When asking about cars and other automotive products, Chat GPT cited earned media in more than 80 percent of cases in the United States, with zero social content and minimal brand pages. Google, by contrast, still surfaced social forums and vendor sites .
Content that drifts too far from accepted terminology or facts runs the risk of being treated as an error or a "hallucination."
To show experience, content creators must show:
- Accurate, up-to-date information that aligns with consensus in the relevant field.
- Use of correct terminology and reasoning appropriate for the topic’s complexity.
- Citations to credible sources or original data are provided.
- Content produced by someone with demonstrable training, qualifications, or specialized skill.
Authoritativeness: An AI’s seal of safety
Answer engines Authoritativeness through reputation signals: citations from other sites, clear identity, stable coverage, and recognizability. AI models would rather quote a site with ten years of coverage and public ownership info than a thin affiliate blog repeating specs. This matches the AEO finding that answer engines reuse the same domains across languages and paraphrases, especially in higher-stakes categories. Claude, for example, maintained consistent domain usage across translations where Google did not.
To show Authoritativeness, content creators must have:
- Strong signals of credibility around the creator or the site, such as reputation, recognition, mentions, references, or links from authoritative entities or earned media.
- A clear identity for the creator or organisation with accessible background information.
- Consistent, reliable coverage of the topic area.
Trustworthiness: How AI determines if this is the correct source
AI systems need to avoid reputational harm from hallucinated or untrue claims. To ensure that your content is trustworthy, they rank it based on factors such as Transparent sourcing, Factual accuracy, and Conflict-of-interest disclosures. Together, these create strong signals of a clear editorial process. When those signals are weak, the model may still read the page but exclude it from the output.
Searching for “IT support”, which is defined as a “local business” category, in ChatGPT and then in Google will produce completely different outcomes. This is because site quality varies for local companies, and trust signals are inconsistent. In the test, overlap dropped near zero.
To show Trustworthiness, content creators must have:
- Full transparency about who created the content, why, and how.
- Accurate, non-deceptive claims with verifiable facts.
- Clear sourcing and conflict-of-interest disclosures
- Clear editorial or review processes.
What this means for brands adjusting to AEO
A brand cannot win AI visibility through page-level tuning alone. The shift places pressure on factual clarity, external authority, and machine readability.
Content must state verifiable details that demonstrate genuine experience. Pages must include structured data that enables a model to extract facts without inference. Brands need independent press, comparisons, and reviews that reinforce their authority. Writers must publish clear value claims that can be reused as justification inside an answer. Weak trust signals will get a page silently filtered out.

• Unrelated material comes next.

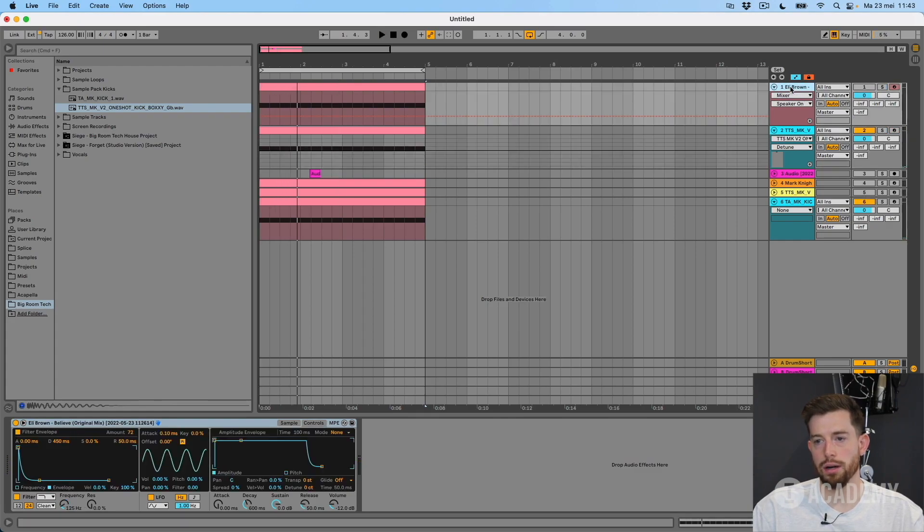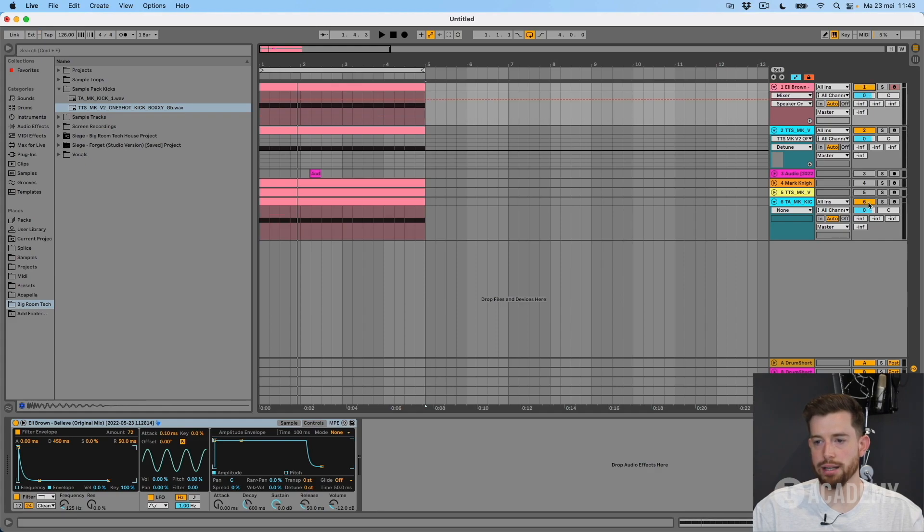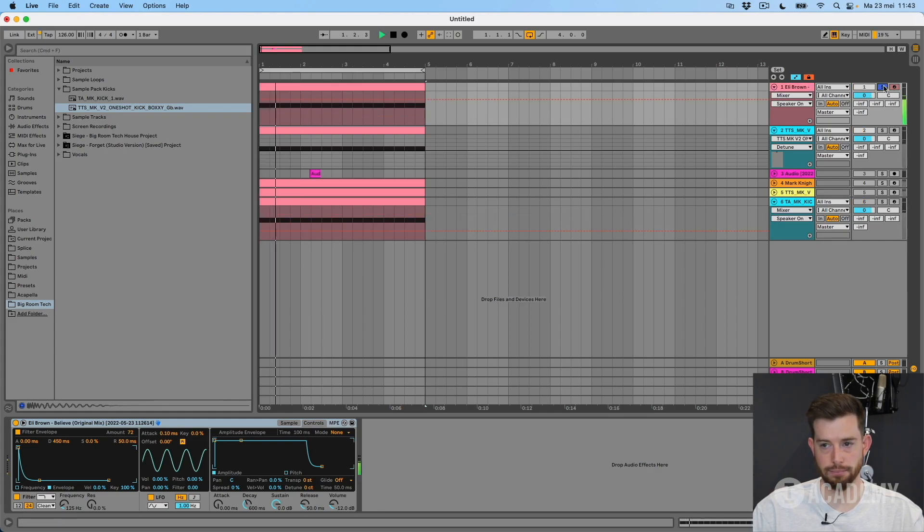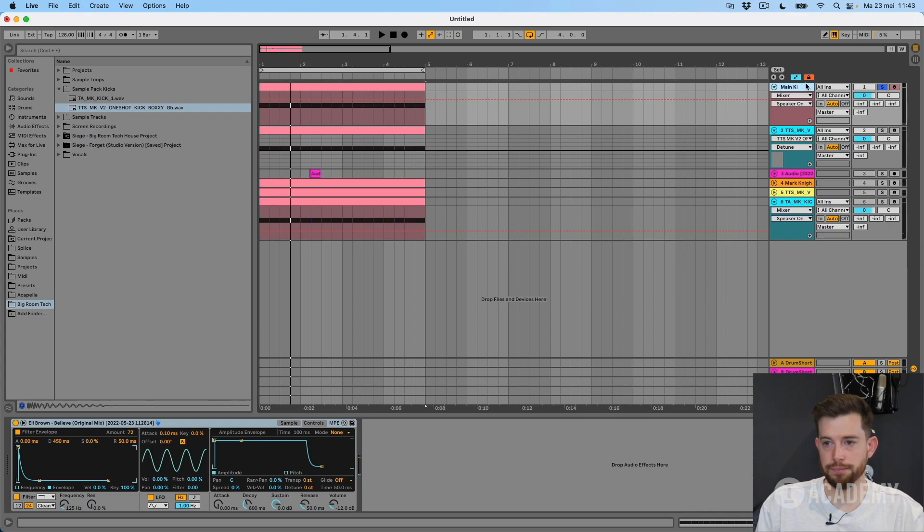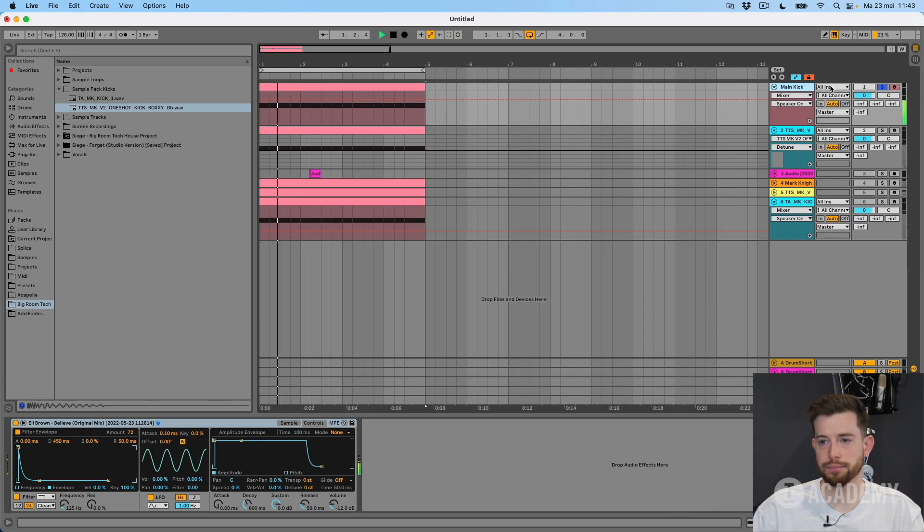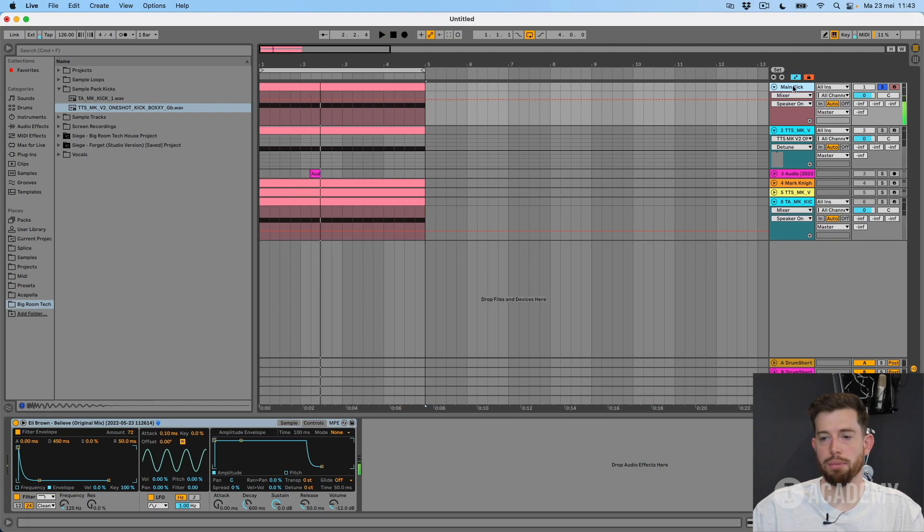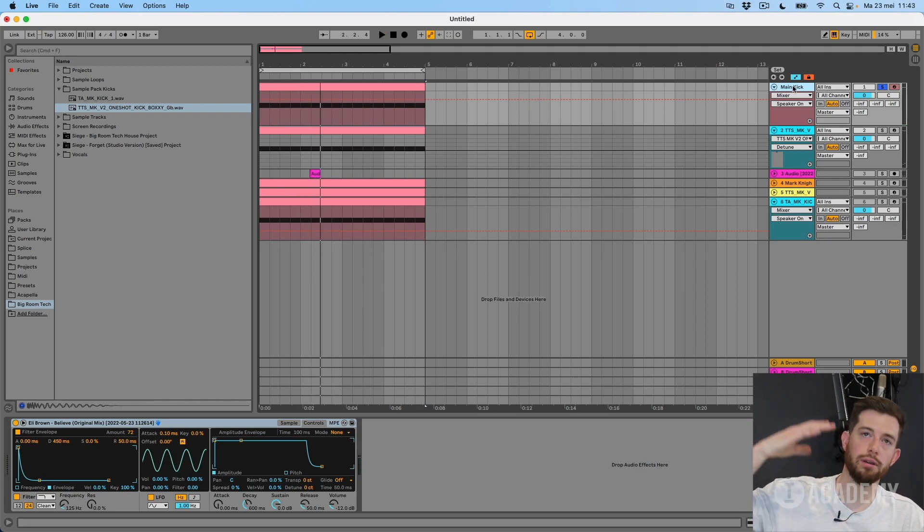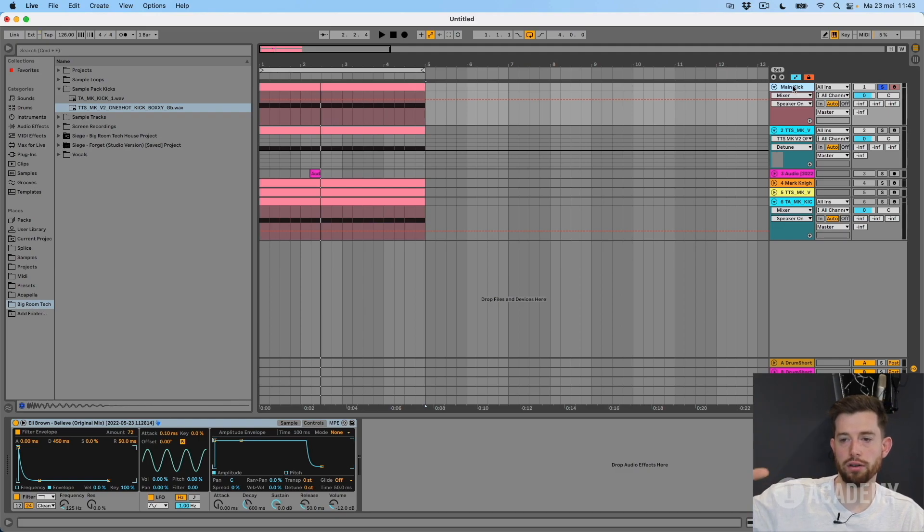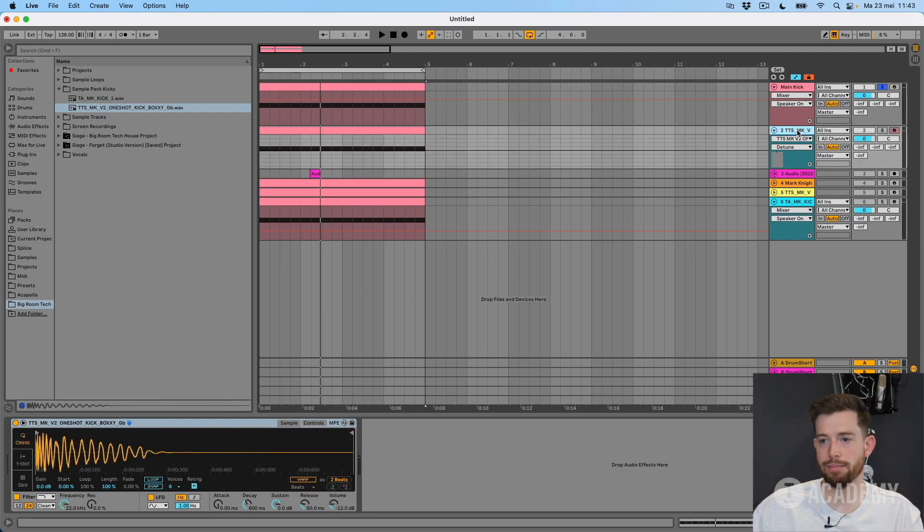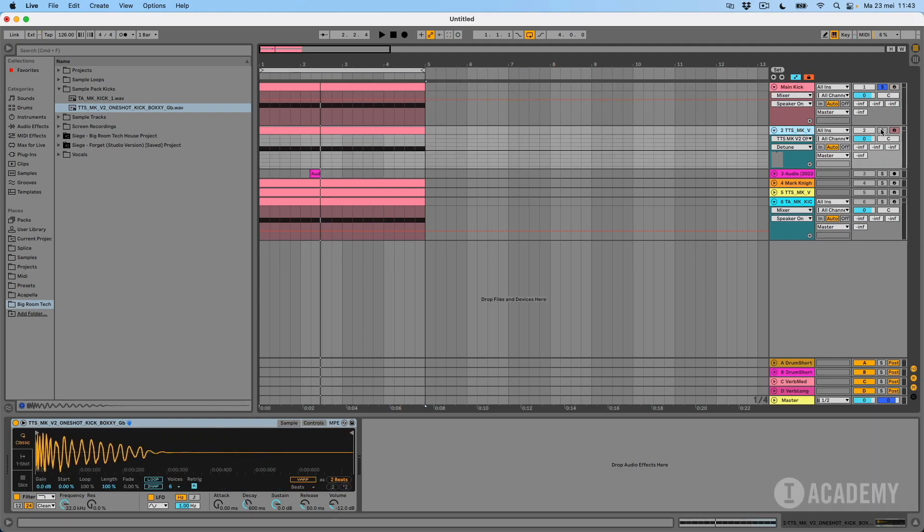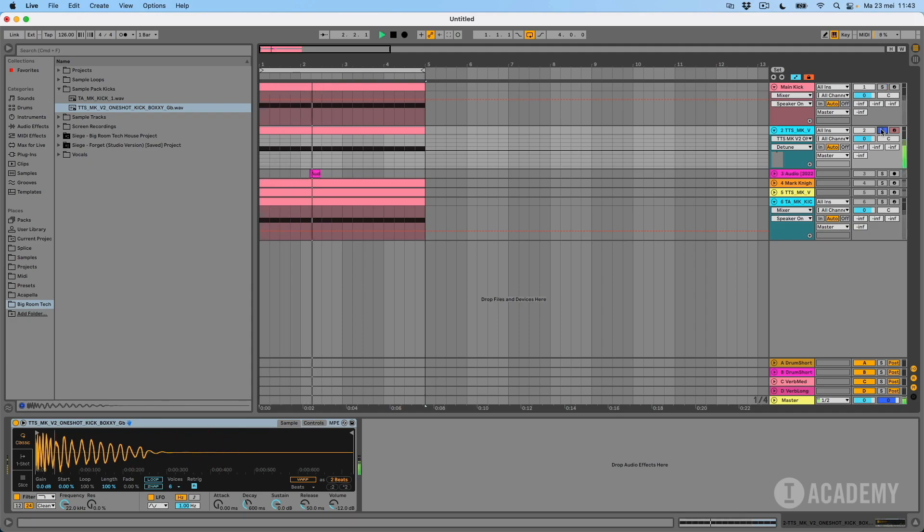I know the Eli Brown one sounds good, so I'm going to use that as my main kick. But because we filtered it down, all of the mid and high frequencies are out of there, so we're going to add some of that back in. And we're going to use this one because it just has a nice grit to it. And I'll do this one with the EQ, so I'm calling this mid kick or something like that.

AI will cite the source that proves it knows what it is talking about, not the one that describes itself best. That’s the competitive field now.
How to check E-E-A-T for free
Audit your content for citability in answer engines. Pick one core product or service and assess whether a model could extract: a first-hand detail, a clear comparison point, a fact with a number attached, and a reason that supports the product’s use case. If any of those pieces are missing, the page is unlikely to appear inside an AI-generated answer for others.